[RECORDS FOR THE EXERCISE]:
---*---

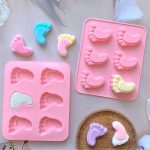 قالب عفسة البيبي حجم متوسط متعدد الاستعمالات لديكور حفلات البيبي WFHM77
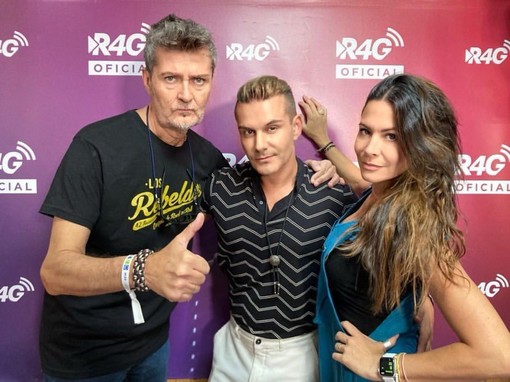 Grande successo per il Tour Radiofonico spagnolo dell’artista Fabio Gomez, per il lancio di “Librame” Grande successo per il Tour Radiofonico spagnolo dell’artista Fabio Gomez, per il lancio di “Librame”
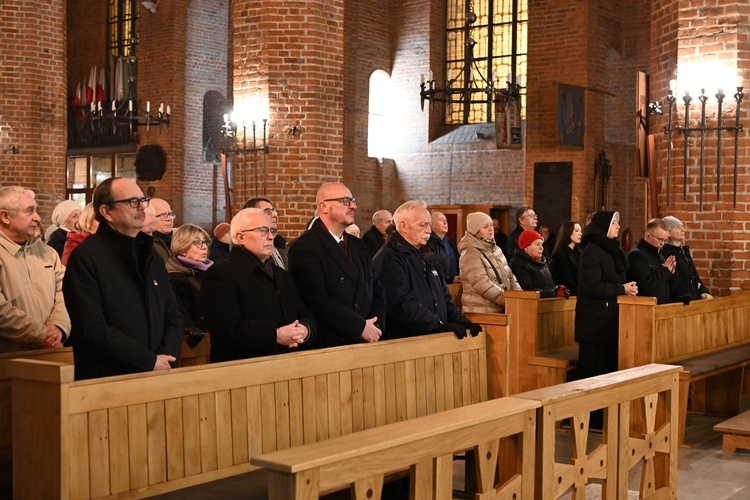 43. rocznica stanu wojennego - Msza św. w bazylice św. Brygidy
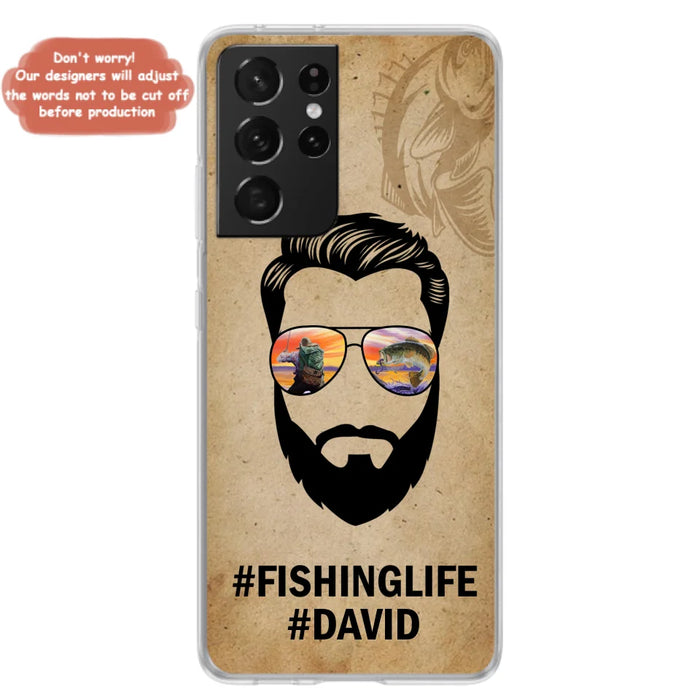 Custom Personalized Fishinglife Phone Case - Best Gift for Dads - For iPhone And Samsung - NTQYR8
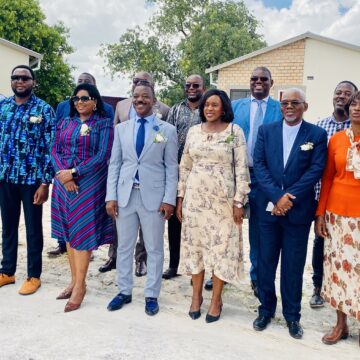 NHE a tunga omaumbo 64 mOndangwa 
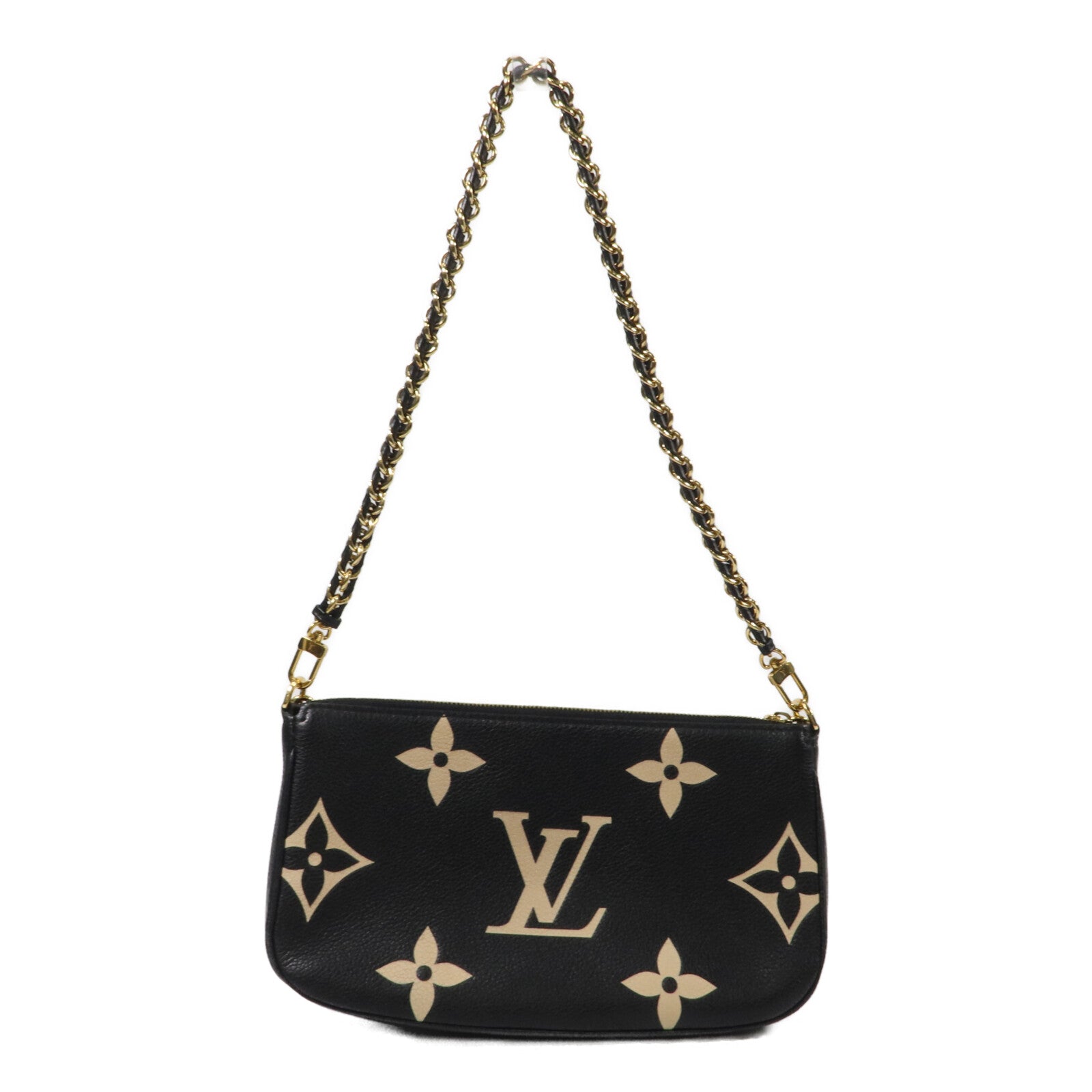 LOUIS VUITTON Multi Pochette M45777 2-Way Bag Calfskin 2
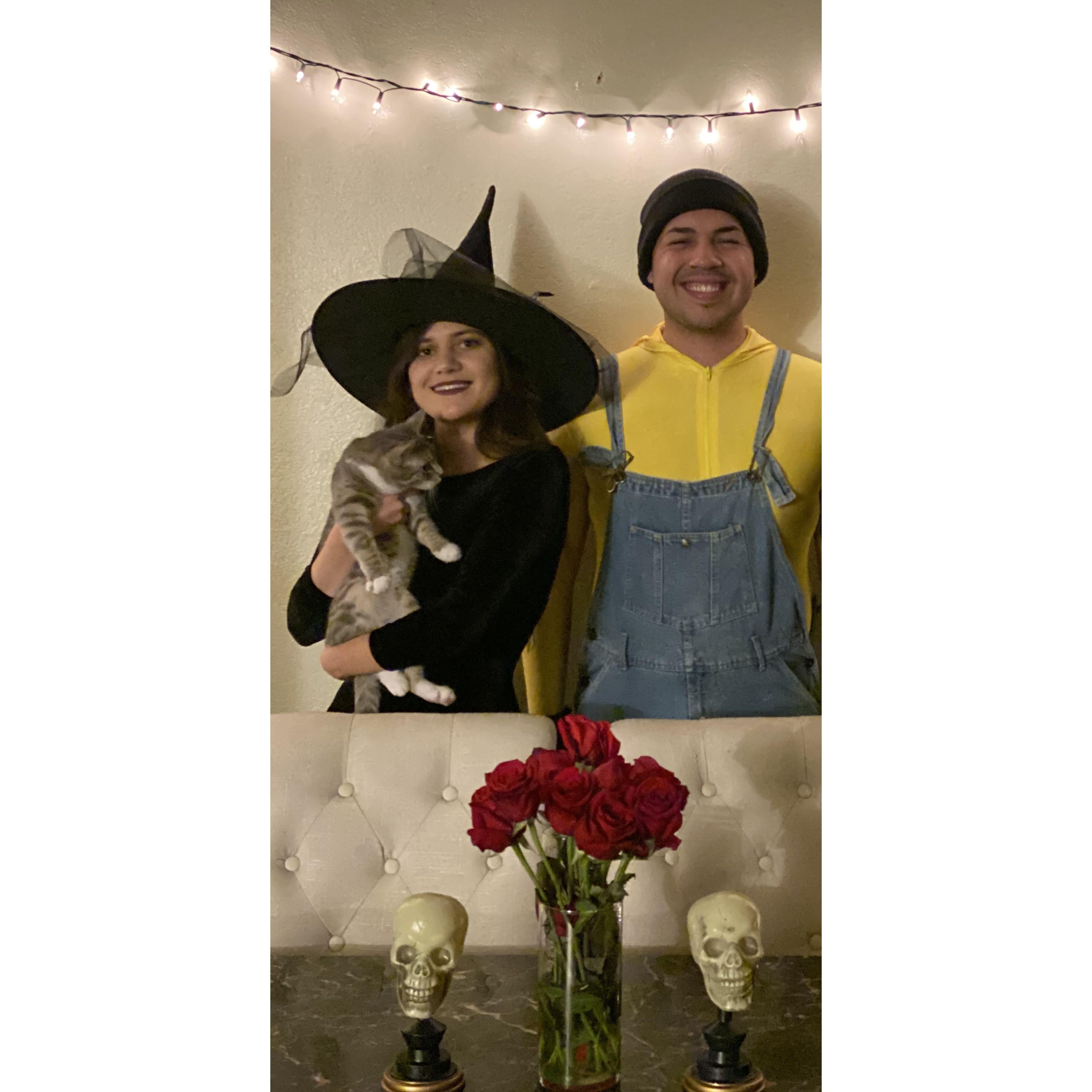 Just Friends. Halloween 19'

---*---

[WORK TO COMPLETE]:
No pictures should appear in the copy. Print exactly the lines above from the line containing "LOUIS VUITTON Multi" through the last line of the data.

[TASK OUTPUT]:
 LOUIS VUITTON Multi Pochette M45777 2-Way Bag Calfskin 2
 Just Friends. Halloween 19'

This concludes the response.